She received no immediate reply, but she could feel Gerda’s whole body swell with a shudder. She managed to catch something of what the voice was whispering at her shoulder.
“You can’t believe how he looked when they brought him in. No one h
as ever seen even a speck of dust on him, he never allowed that, his whole life long. What vile, insulting mockery for it to end like this.”
They heard muffled sounds—the door to the dressing room was standing open now. In the doorway stood Ida Jungmann in a white apron, a basin in her hand. Her eyes were red. When she saw Frau Permaneder, she stepped back to make way for her and lowered her head. Her chin was pursed and trembling.
The long flowered curtains stirred in the draft as Tony entered the bedroom, followed by her sister-in-law. The odors of carbolic acid, ether, and other medicines wafted toward them. Thomas Buddenbrook lay in the broad mahogany bed under a red quilt; his clothes had been removed and he was dressed in an embroidered nightshirt. His glazed, half-open eyes were rolled back, and his lips moved in a silent babble under his mustache. Now and then gurgling sounds came from his throat. Young Dr. Langhals bent down over him, removed a bloody bandage from his face, and dipped a fresh one in a basin sitting on the nightstand. Then he listened to his patient’s chest and felt his pulse. Little Johann was sitting on the laundry basket at the foot of the bed, playing with the knot of his sailor’s tie and listening with a bemused expression to the sounds his father made behind him. Thomas’s muddy clothes lay draped over a chair off to one side.
Crouched beside the bed, Frau Permaneder stared at her brother’s face and took his hand—it was cold and heavy. She began to comprehend that, whether the Lord knew what He was doing or not, He evidently wanted “the worst.”
“Tom!” she wailed. “Don’t you know me? How do you feel? Do you want to leave us? You won’t leave us, will you?
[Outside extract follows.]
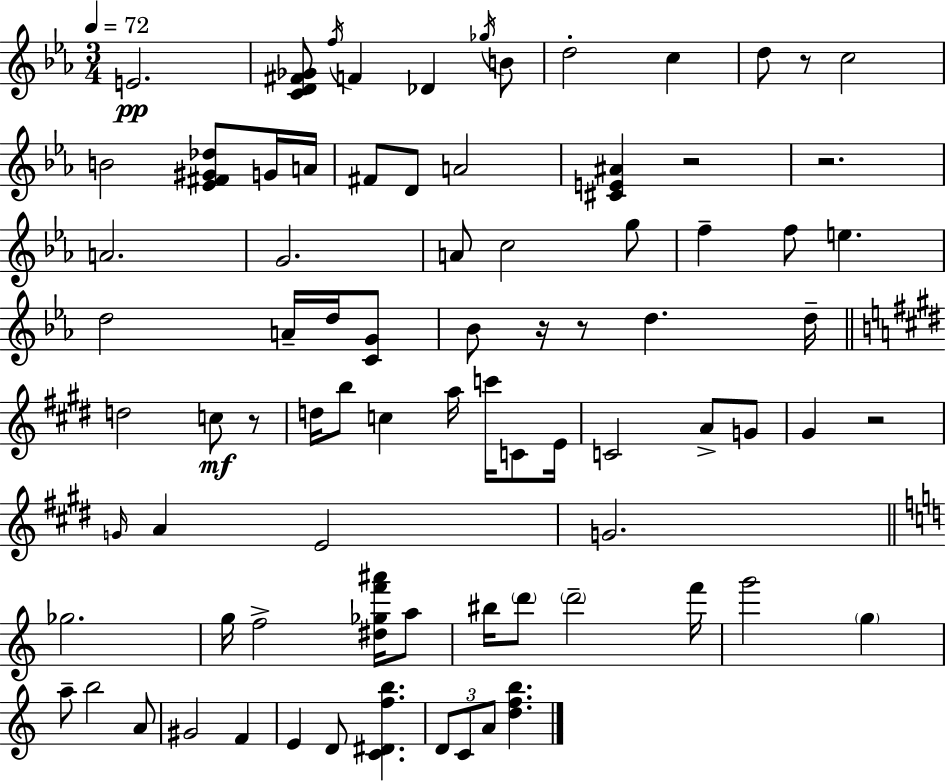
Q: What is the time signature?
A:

Oh, it can’t be!”
There was no response that could have been taken for an answer. She looked up imploringly at Dr. Langhals. He stood there with his beautiful eyes cast down, and his whole manner said, not without a certain smugness, that all this was God’s will.
Ida Jungmann came back in to help in any way she could. Old Dr. Grabow appeared in person. He made a long, kind face, shook hands with everyone, regarded the patient, shook his head, and proceeded to do exactly what Dr. Langhals had done. The news had spread like wildfire through the whole town. The bell in the vestibule below kept ringing and ringing, and even from up here in the bedroom they could hear people asking how the senator was. His condition was unchanged, unchanged—they were all given the same answer.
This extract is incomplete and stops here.